Internet radio is a game of inches, not yards. Small differences in performance will have large consequences. Kennedy believes Pandora’s scale will also play to its advance. So far, Pandora users have given 15 billion pieces of input – “thumbs up” and “thumbs down” – on songs played.
“We know what people think of every song we’ve ever played on a Bruce Springsteen station,” Kennedy says. “We know exactly how well that song was received. We can break that down by age, by gender, by geography. We know that playing ‘Rosalita’ to a 50-plus-year-old New Yorker on a Bruce Springsteen station is a better play than to a 30-year-old woman in San Francisco.”
Pandora needs whatever competitive advantage its Music Genome Project can offer. Its days of triple-digit growth are over. The first sign of age appeared July 10 when it announced a sequential drop in listener hours to 1.08 billion in June from 1.1 billion in May. June’s tally was up from the 1 billion and 1.06 billion listener hours posted in March and April, respectively.
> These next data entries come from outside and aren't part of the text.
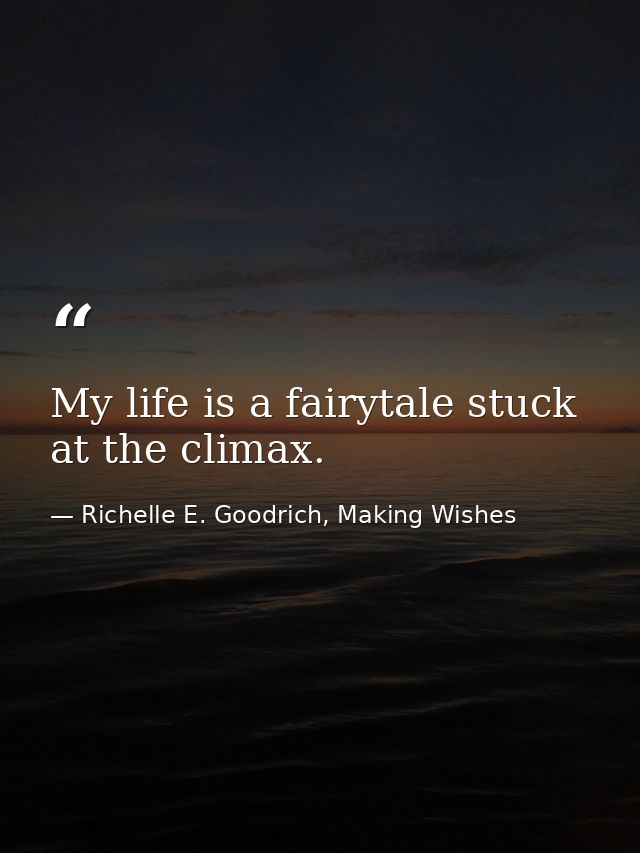 My life is a fairytale stuck at the climax. — Richelle E. Goodrich, Making Wishes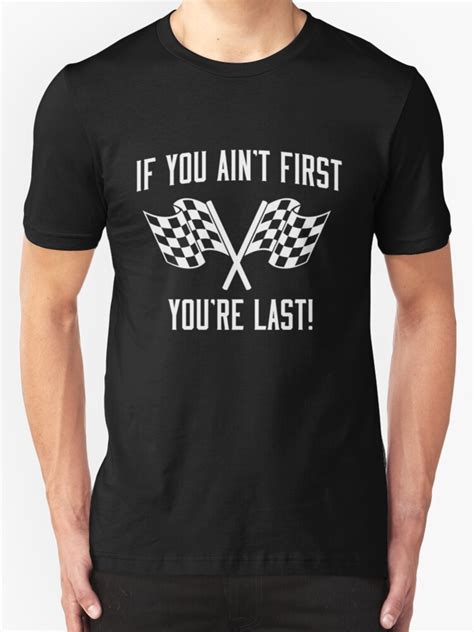If you ain't first, you're last. "If you ain't first you're last" T-Shirts & Hoodies by artack | Redbubble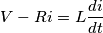 V-R i = L \frac{di}{dt}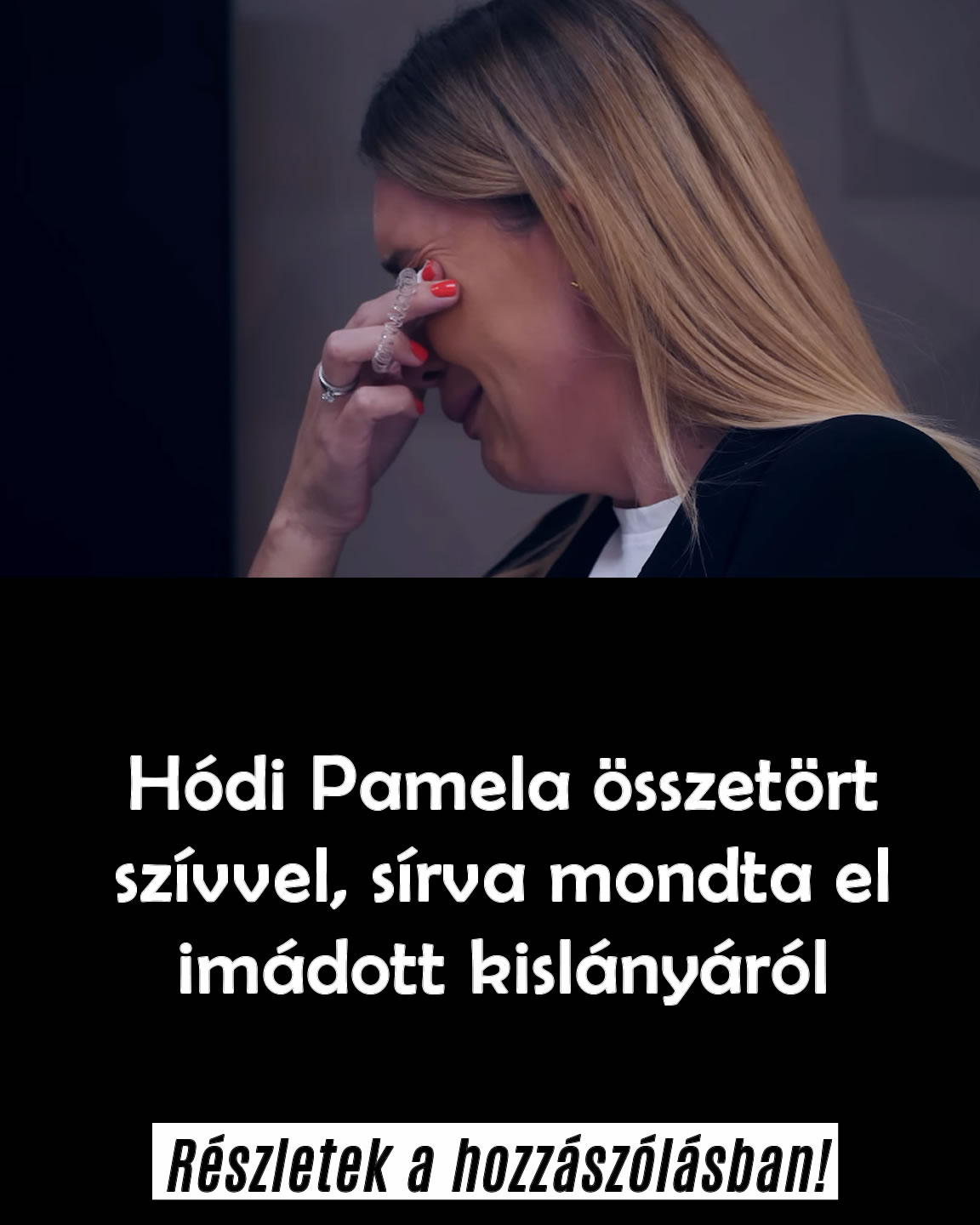 Hódi Pamela sírva mondta el imádott kislányáról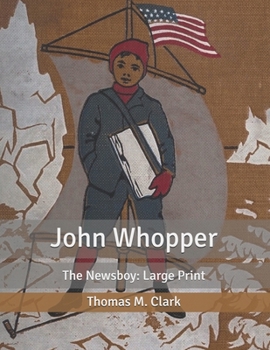 John Whopper: The Newsboy: Large Print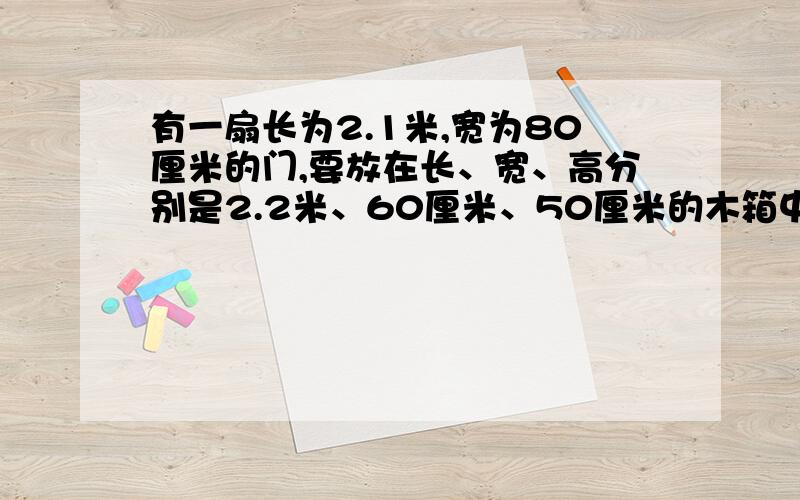 有一扇长为2.1米,宽为80厘米的门,要放在长、宽、高分别是2.2米、60厘米、50厘米的木箱中,能放进去吗?（不考虑门的厚度）能给出图来么,想象不出来能画出图来么？想象不出来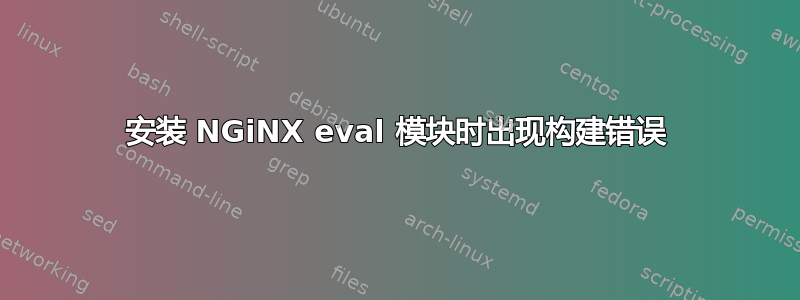 安装 NGiNX eval 模块时出现构建错误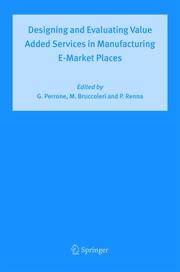 Designing and Evaluation Value Added Services in Manufacturing E-Market Places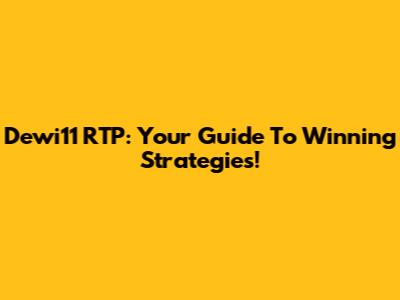 Dewi11 RTP: Your Guide To Winning Strategies!
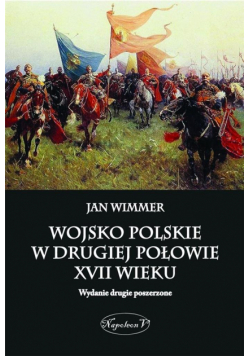 Wojsko polskie w drugiej połowie XVII wieku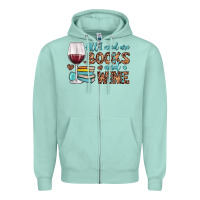 Seafoam all i need are books and wine Zipper Hoodie - JahusDesignShop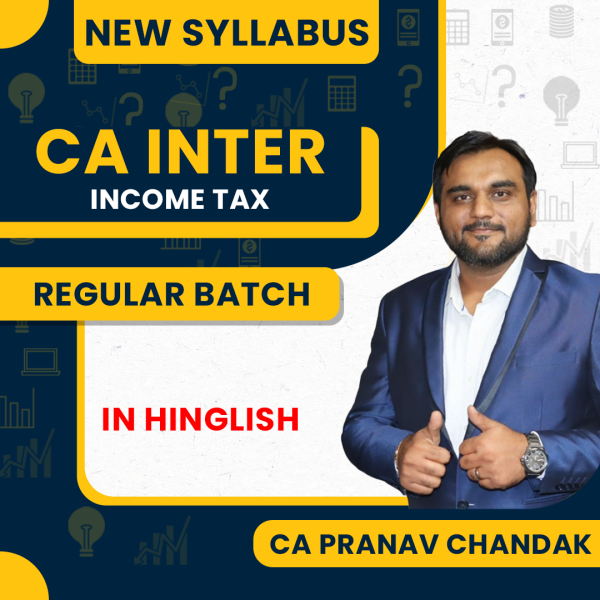 CA Pranav Chandak Income Tax Regular Online Classes For CA Inter : Online classes.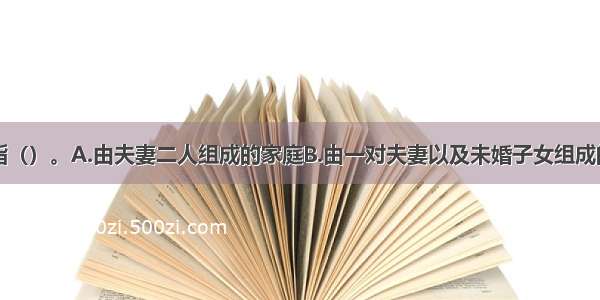 核心家庭是指（）。A.由夫妻二人组成的家庭B.由一对夫妻以及未婚子女组成的家庭C.由两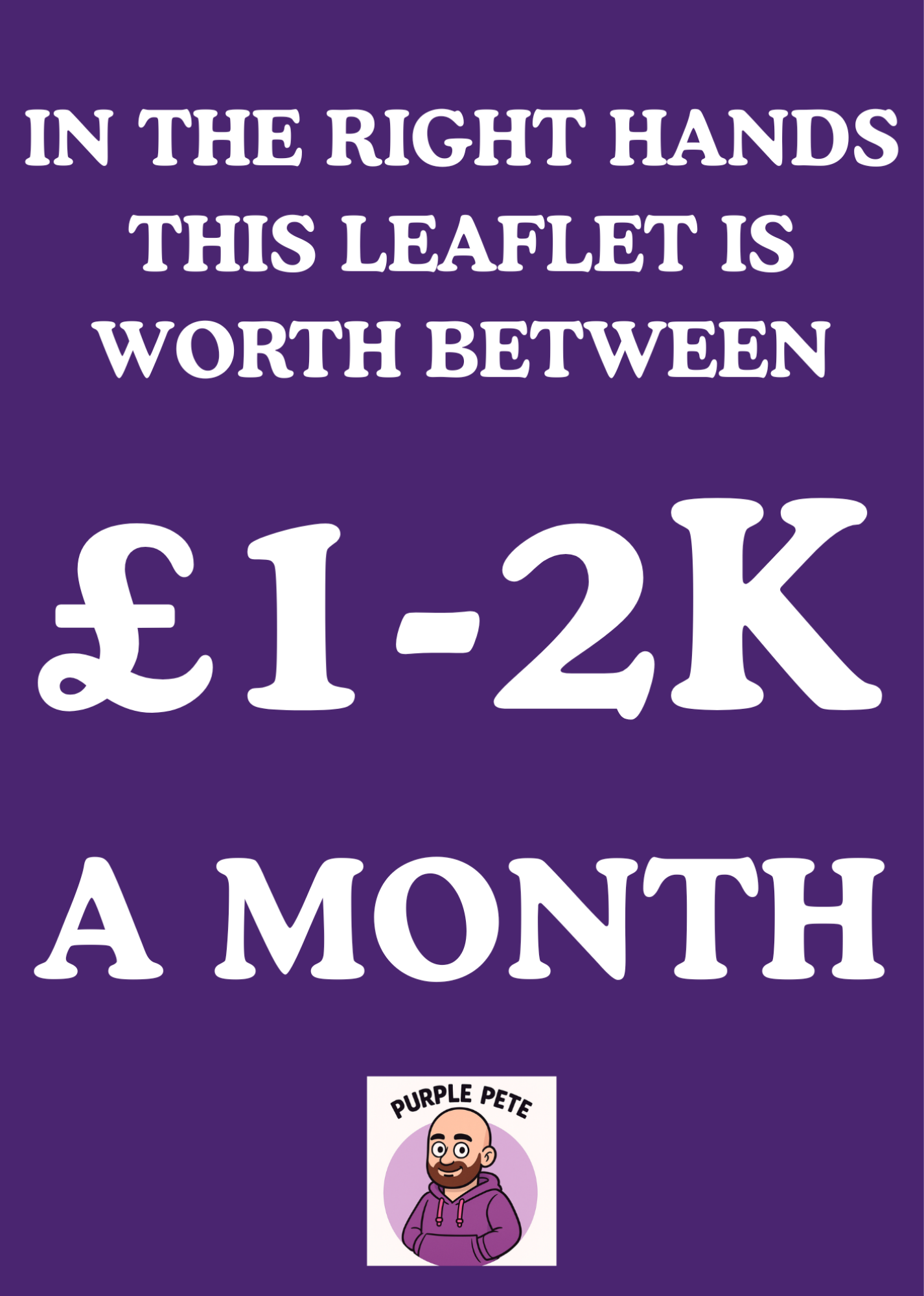 Purple background with white text: 'In the right hands this leaflet is worth between £1-2K a month.' At the bottom, there is a cartoon image of a bald man with a beard, wearing a purple hoodie, with the caption 'Purple Pete'.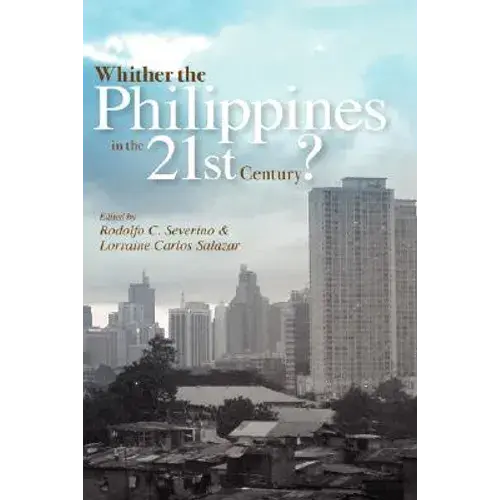 Whither The Philippines In The 21St Century? - Hardcover 1
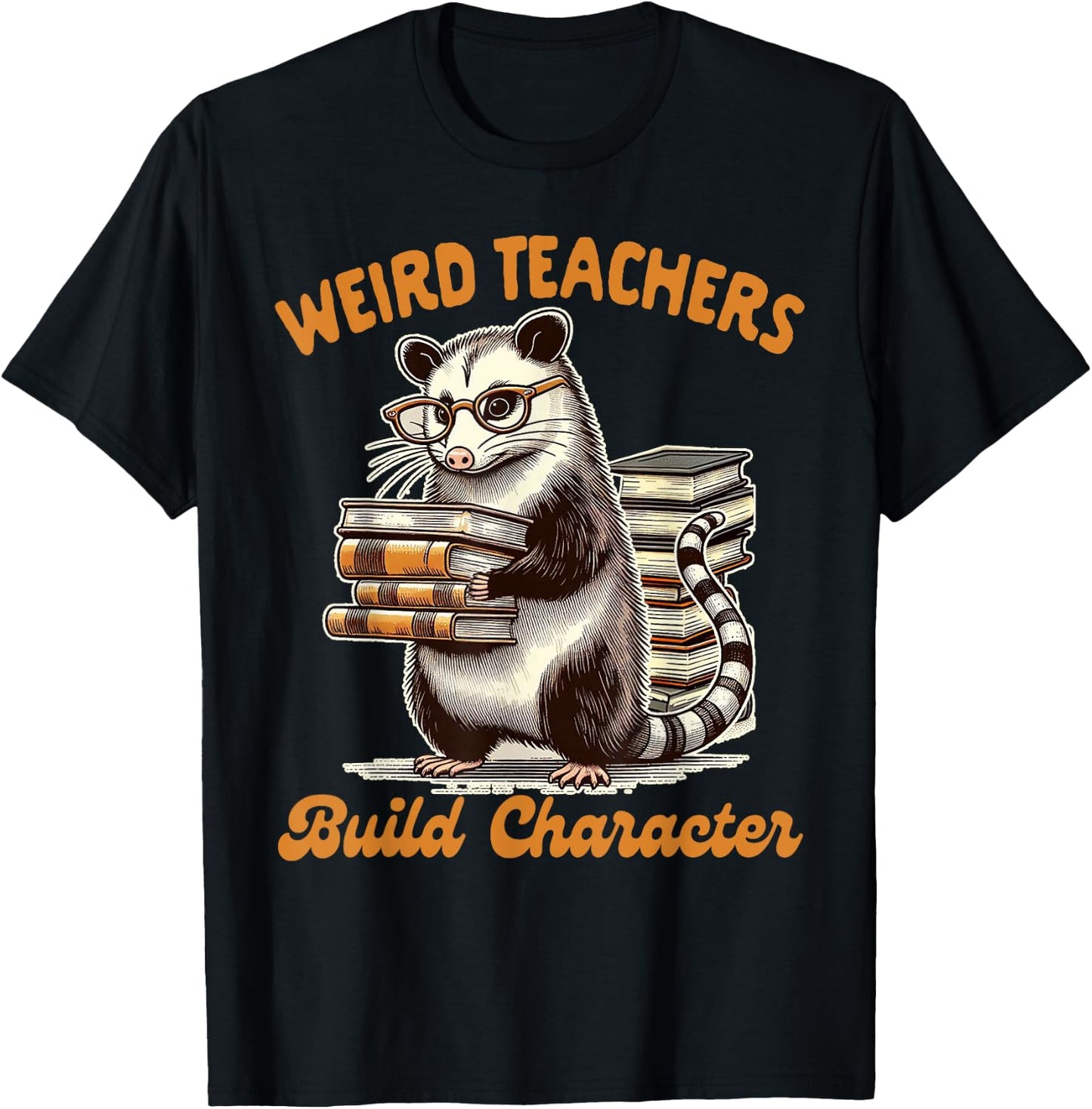 Teacher Opossum Lover Possum Weird Teachers Build Character T-Shirt - T-Shirt | Black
Kennedy credits the month-to-month decline on seasonality-listening hours start to tail off in May as students leave school and Americans engage in summer activities. But for a company whose market value is largely derived from its growth potential, a month-to-month drop in listener hours demands some reflection. For Pandora’s competitors, a sign of slowed growth means the market is wide open.